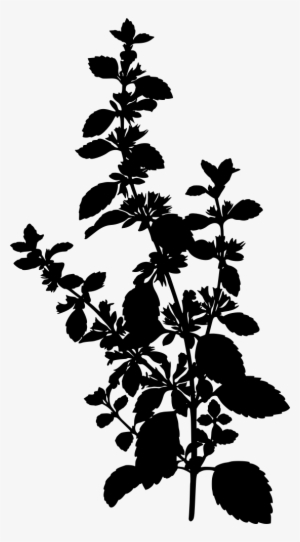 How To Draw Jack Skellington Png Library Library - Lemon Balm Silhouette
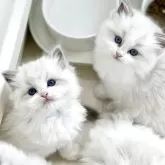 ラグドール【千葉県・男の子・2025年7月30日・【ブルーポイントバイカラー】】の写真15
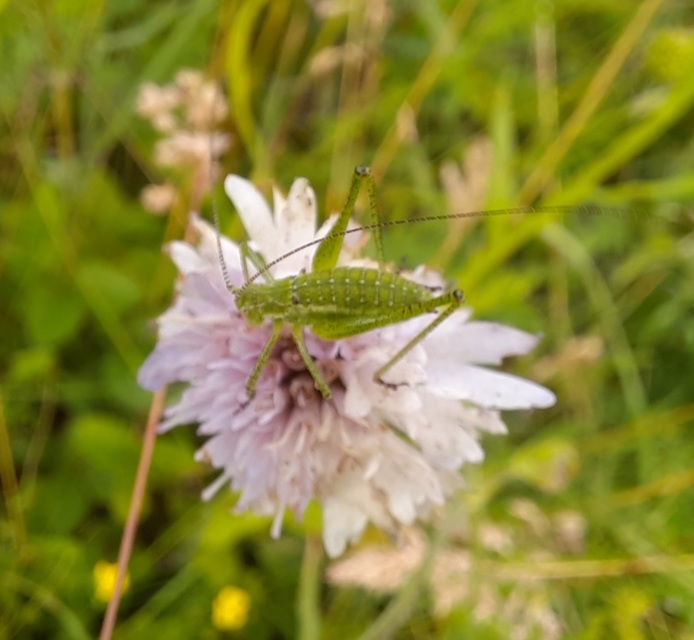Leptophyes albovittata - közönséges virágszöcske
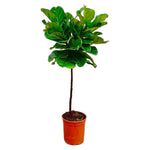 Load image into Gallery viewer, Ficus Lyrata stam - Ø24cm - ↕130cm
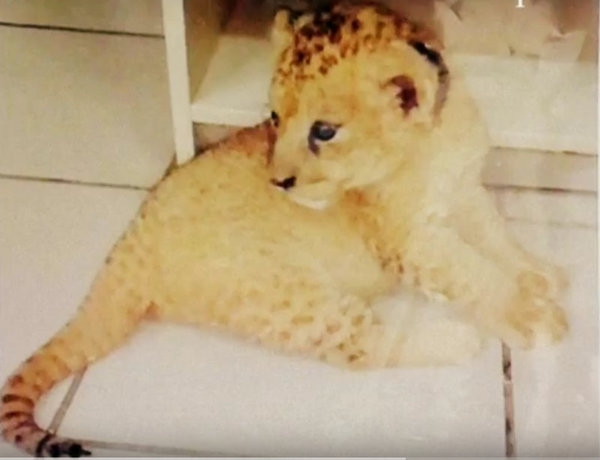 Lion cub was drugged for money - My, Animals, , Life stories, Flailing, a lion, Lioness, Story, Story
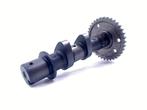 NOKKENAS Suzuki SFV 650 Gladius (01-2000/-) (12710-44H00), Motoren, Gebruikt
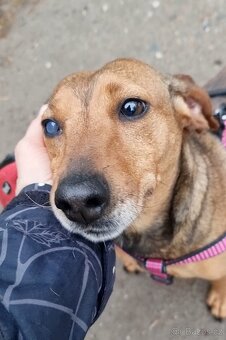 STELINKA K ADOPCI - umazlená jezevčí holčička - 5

•••••

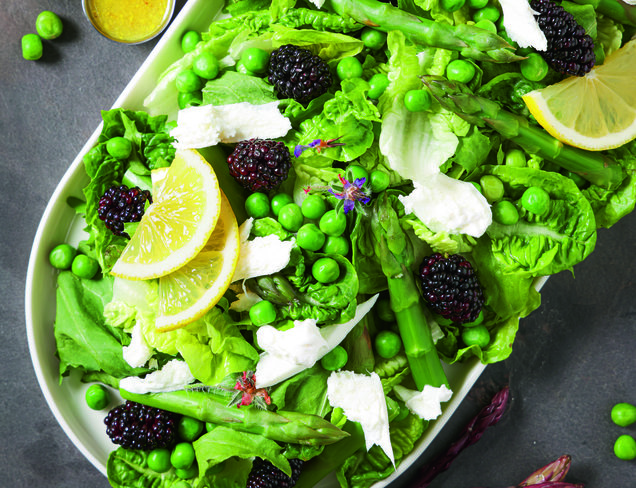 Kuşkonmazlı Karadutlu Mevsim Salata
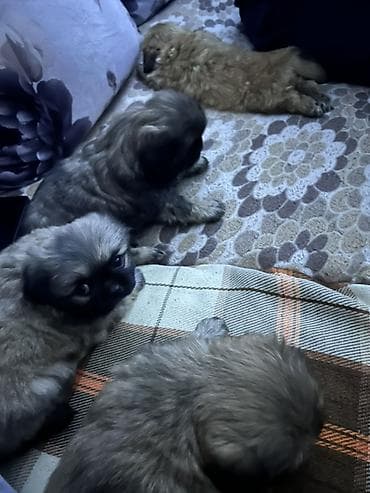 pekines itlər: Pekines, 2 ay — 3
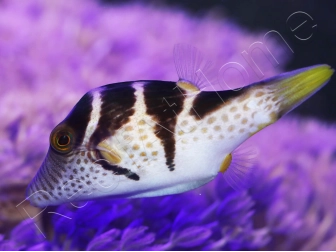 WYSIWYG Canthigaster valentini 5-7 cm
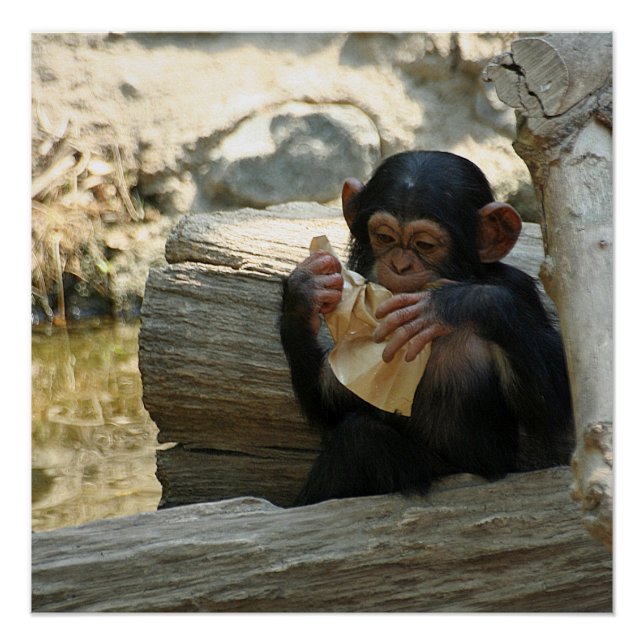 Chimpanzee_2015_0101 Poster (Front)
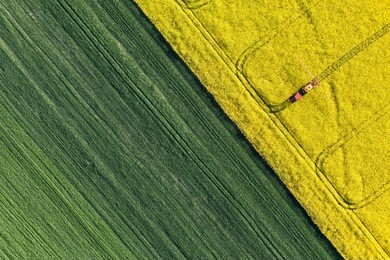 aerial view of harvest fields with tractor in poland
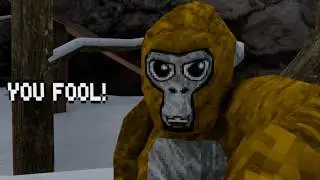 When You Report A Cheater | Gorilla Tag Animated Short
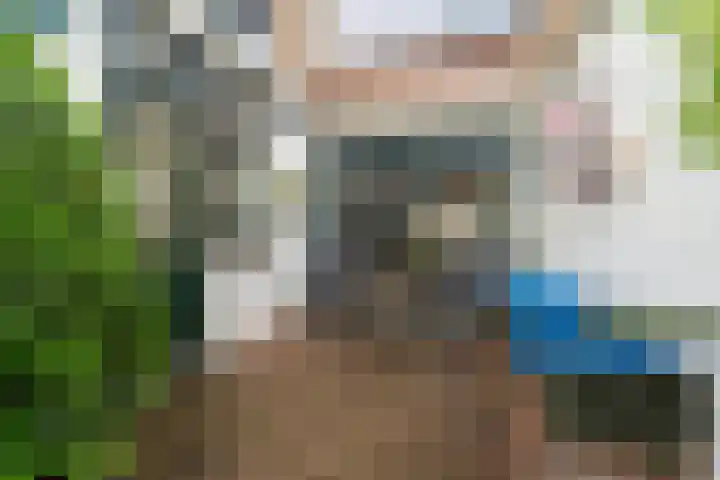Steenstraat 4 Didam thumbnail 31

•••••

◆ WHAT YOU WILL DO: Start with the line with "Lion cub was" in the listing above and stop after the line with "STELINKA K ADOPCI". Write out exactly the lines in that stretch and no others, without pictures.

◆ COMPLETED TASK:
 Lion cub was drugged for money - My, Animals, , Life stories, Flailing, a lion, Lioness, Story, Story
 NOKKENAS Suzuki SFV 650 Gladius (01-2000/-) (12710-44H00), Motoren, Gebruikt
 STELINKA K ADOPCI - umazlená jezevčí holčička - 5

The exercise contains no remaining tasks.